Director of the Center for Structural Oncology at Penn State University.
Noteworthy: Her lab focuses on understanding small things in a big way and how problems within genes can lead to disease. Using a special freezing technique known as cryo-EM, Professor Kelly's lab is pioneering a new area of research they refer to as structural oncology.
Where to find her: LinkedIn | Twitter: @DebKellyLab
Cryo-EM is a powerful tool that helps look at cancer molecules differently. Penn State University uses the cryo-EM technique to understand and outsmart cancer. Professor Kelly explains, "Our lab uses a very high-tech imaging approach. It's called cryo-electron microscopy or cryo-EM, which pioneers in our field actually won the Nobel Prize for just a few years ago. And what we'd like to do is dive deep into cancer cells, understand what molecules look like using these instruments, take pictures and snapshots of them — what you would do with your iPhone but in portrait mode — so we can really focus very deeply on the nuances of these molecules. Then we use these molecules to try and better understand what goes wrong in cancer, how these molecules are to cancer, and what we might do to better inform treatments based on differences in molecules from cancer cells versus normal cells."

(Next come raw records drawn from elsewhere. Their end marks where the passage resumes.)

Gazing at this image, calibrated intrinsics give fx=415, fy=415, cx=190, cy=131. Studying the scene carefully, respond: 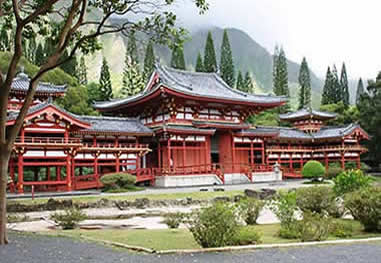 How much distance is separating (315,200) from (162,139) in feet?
67.0

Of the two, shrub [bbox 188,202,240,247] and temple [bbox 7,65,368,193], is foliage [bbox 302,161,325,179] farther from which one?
shrub [bbox 188,202,240,247]

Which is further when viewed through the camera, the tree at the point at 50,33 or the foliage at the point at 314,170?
the foliage at the point at 314,170

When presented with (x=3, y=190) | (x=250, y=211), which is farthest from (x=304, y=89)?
(x=3, y=190)

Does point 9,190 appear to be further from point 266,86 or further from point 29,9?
point 266,86

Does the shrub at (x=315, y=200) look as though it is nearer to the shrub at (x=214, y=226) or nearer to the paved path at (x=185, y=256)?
the paved path at (x=185, y=256)

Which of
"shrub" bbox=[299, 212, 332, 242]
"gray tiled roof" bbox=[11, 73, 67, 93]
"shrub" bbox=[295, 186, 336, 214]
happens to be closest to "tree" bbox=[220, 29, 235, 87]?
"gray tiled roof" bbox=[11, 73, 67, 93]

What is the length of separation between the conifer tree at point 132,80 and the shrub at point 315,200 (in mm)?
54163

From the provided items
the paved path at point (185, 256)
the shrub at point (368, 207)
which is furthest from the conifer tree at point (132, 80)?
the paved path at point (185, 256)

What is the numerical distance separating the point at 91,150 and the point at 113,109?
33.7 feet

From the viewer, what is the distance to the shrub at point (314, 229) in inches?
457

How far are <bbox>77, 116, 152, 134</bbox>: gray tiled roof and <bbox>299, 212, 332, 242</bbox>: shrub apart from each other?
22320 millimetres

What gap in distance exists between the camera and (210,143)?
39.3 metres

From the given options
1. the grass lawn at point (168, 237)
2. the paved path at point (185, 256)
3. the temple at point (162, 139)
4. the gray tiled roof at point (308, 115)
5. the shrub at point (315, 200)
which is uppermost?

Cryo-electron microscopy allows us to image things at the level of atoms. So what makes cryo-EM technology so useful in cancer research? Professor Kelly says, "What cryo-EM does is it allows us to see all the molecules that constitute cells, their different placements within cells, as well as their over architecture down at the level of atoms. So going even deeper beyond just the level of cells, we can get down and understand the level of which proteins are with DNA, how these proteins don't interact with DNA properly to protect cells from diseases, or how things might work against us when cells become cancerous and how molecules go awry and don't perform their job properly."
What makes Penn State unique in cryo-EM? Professor Kelly explains what makes her lab's cryo-EM one of a kind. She says, "Cryo-electron microscopes that are installed and operational at Penn State are uniquely built to service the life science community as well as the material science community. And some of these instruments have different analytical tools and cameras integrated in them that you wouldn't find in any other cryo-EM instrument. We're looking to screen and look at proteins differently."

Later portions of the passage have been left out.